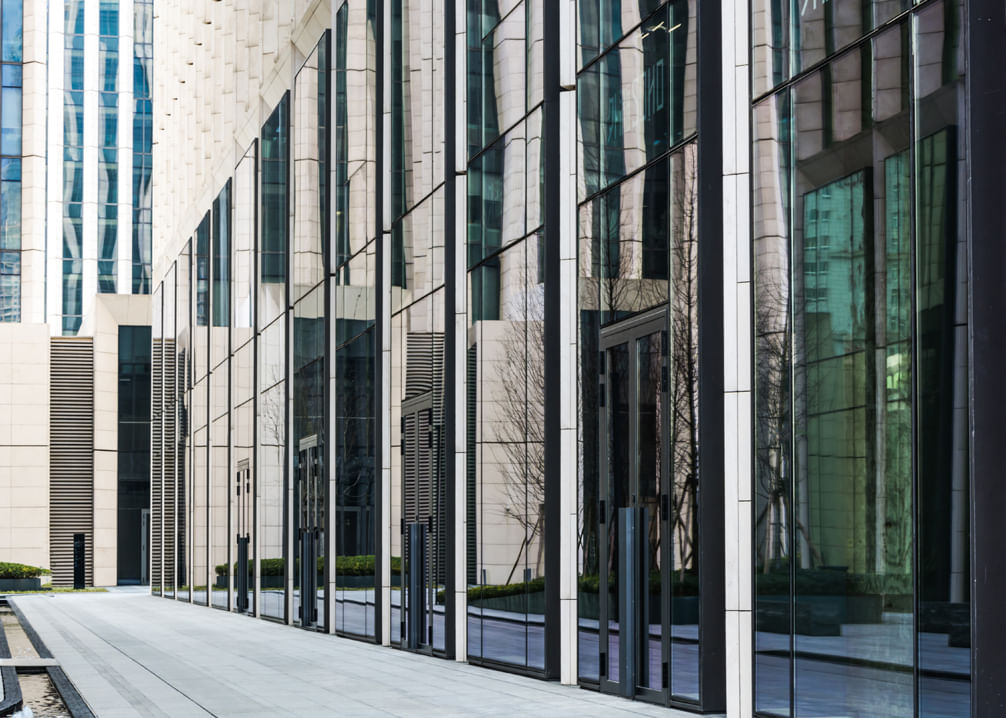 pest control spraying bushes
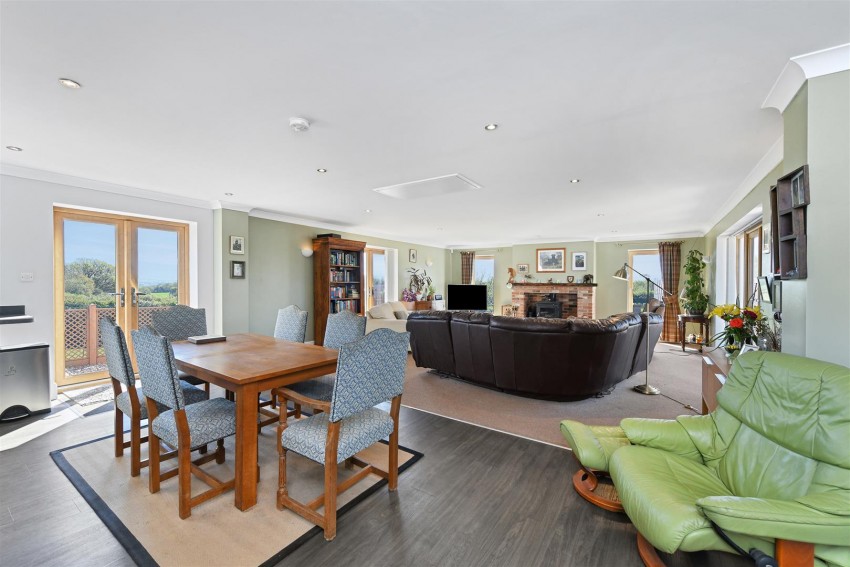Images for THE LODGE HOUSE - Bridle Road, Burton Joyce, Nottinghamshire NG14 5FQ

==

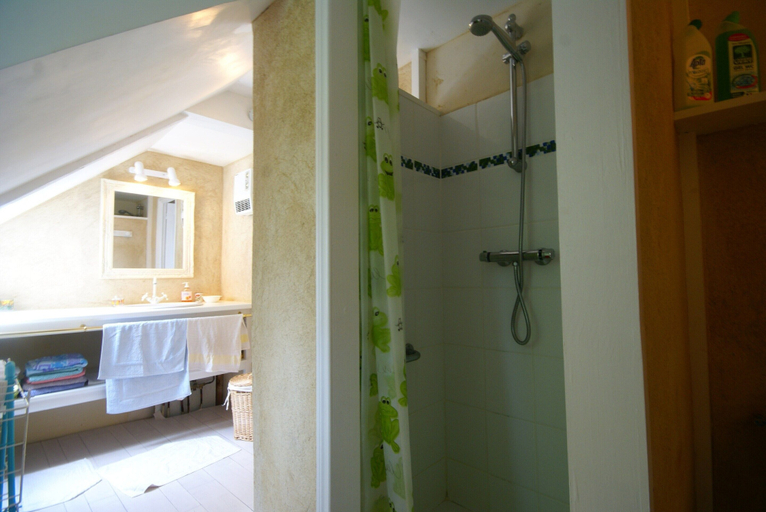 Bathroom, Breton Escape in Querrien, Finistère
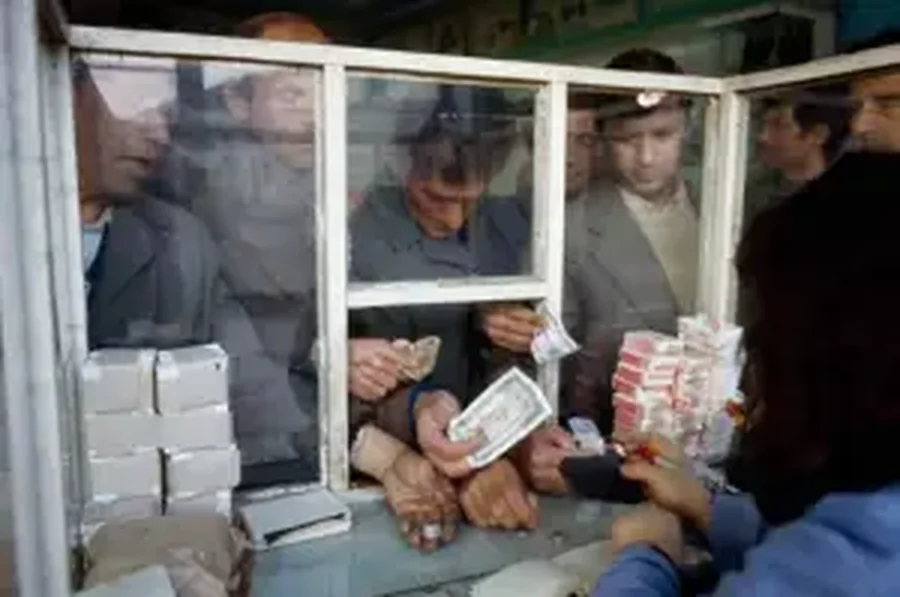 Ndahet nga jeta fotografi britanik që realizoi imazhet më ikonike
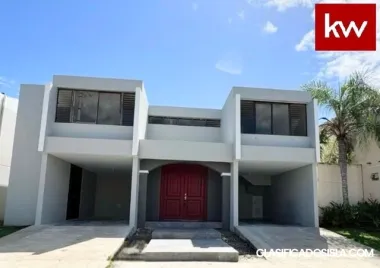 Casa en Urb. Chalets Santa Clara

---

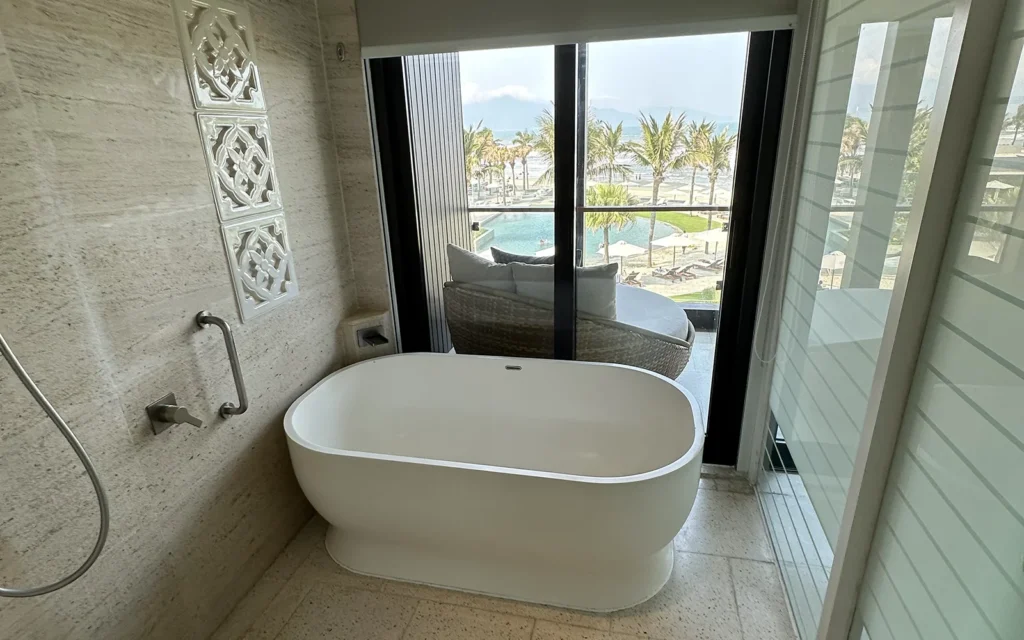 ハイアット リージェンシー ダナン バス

Task brief » Copy the entries above exactly, but only the stretch from the line containing "pest control spraying bushes" through the line containing "Images for THE". Keep both end lines; drop the pictures.

Written solution »
 pest control spraying bushes
Images for THE LODGE HOUSE - Bridle Road, Burton Joyce, Nottinghamshire NG14 5FQ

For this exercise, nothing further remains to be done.